There is more financial pain on the cards for Australian borrowers, with all four of Australia’s big banks announcing they would lift mortgage rates following the Reserve Bank’s Melbourne Cup day hike.
The Reserve Bank delivered a 25 basis point increase to the official cash rate on Tuesday.
WATCH THE VIDEO ABOVE: After four months on hold, the Reserve Bank has lifted the official interest rate.
The hike was the 13th in the last 18 months and took the official cash rate to 4.35 per cent, as the RBA looks to put a lid on inflation.
It means the average borrower with a $500,000 loan and 25 years remaining will see their monthly repayments increase by about $76.
NAB was the first of the big four banks on Wednesday to announce it was increasing its standard variable home loan interest rate by 0.25 per cent per annum. The increase is effective from November 17.
“While most of our customers are in good shape, there may be some people who are more concerned about the first rate rise since mid-year which is why it’s crucial to reach out to your bank as soon as you can. We’re here to help,” NAB group executive for personal banking Rachel Slade said.
Westpac and ANZ followed suit Wednesday afternoon, passing on the RBA hike in full from November 21.
“We know people are feeling the impact of the higher cost of living and adjusting their spending to manage their household budget,” Westpac chief executive of consumer banking Jason Yetton said.
“While customers are cutting back in response to rising expenses, our overall hardship numbers remain low and more than 70 per cent of customers are ahead on their mortgage repayments.
Commonwealth Bank of Australia was the last of the big four to increase its interest rates for variable home loans.

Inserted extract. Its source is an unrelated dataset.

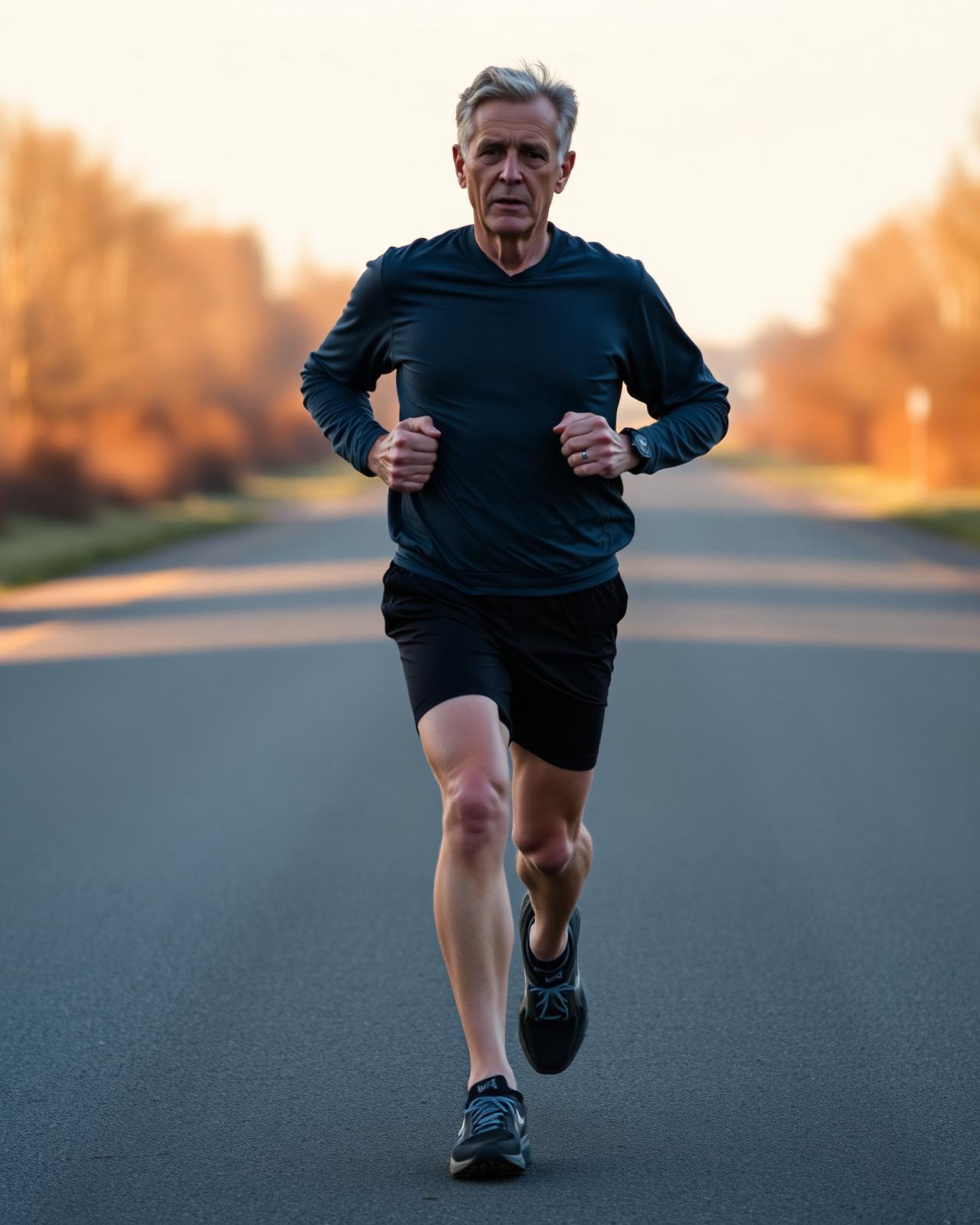 Runner at dawn on a quiet road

The 0.25 percentage point increase follows a four-month hold on rates at 4.1 per cent, with the RBA moving to the sidelines to observe the impact of its aggressive tightening cycle that started last year.
Data released over the past month pointed to uncomfortably persistent price pressures that cast doubt over the central bank’s late 2025 timeline for bringing inflation back to target.

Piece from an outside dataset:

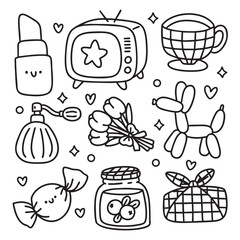 Cute Kawaii Hand Drawn Doodles Elements for Coloring Page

In a post-meeting statement, RBA governor Michele Bullock said inflation had passed its peak but was still too high and proving more persistent than expected a few months ago.

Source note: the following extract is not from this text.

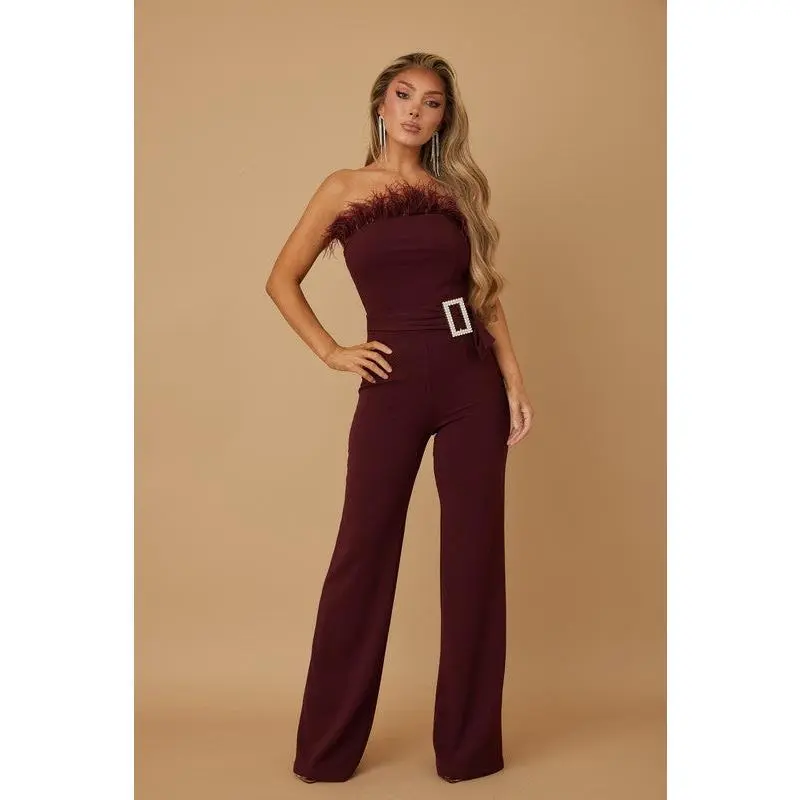 Off Shoulder Feather Fashion Jumpsuit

Assistant Treasurer Stephen Jones said the government was exercising fiscal restraint in order to ensure inflation does not head north.
“We’re delivering, ensuring that as new revenue comes in that it’s banked and goes towards paying down the previous government’s debt and bringing down the deficit, fiscally responsible, not doing the cash handout thing,” he told Sky News.
“We’re doing what we can to ensure targeted cost of living relief, which is actually helping to bring inflation down.”
Opposition finance spokeswoman Jane Hume said the federal government was not doing enough and leaving it up to the RBA to do the heavy lifting.
“There has been so much money that has left the building without reference to a budget or without reference to a business case – that’s the extra spending that is potentially fuelling the fires of inflation,” she said.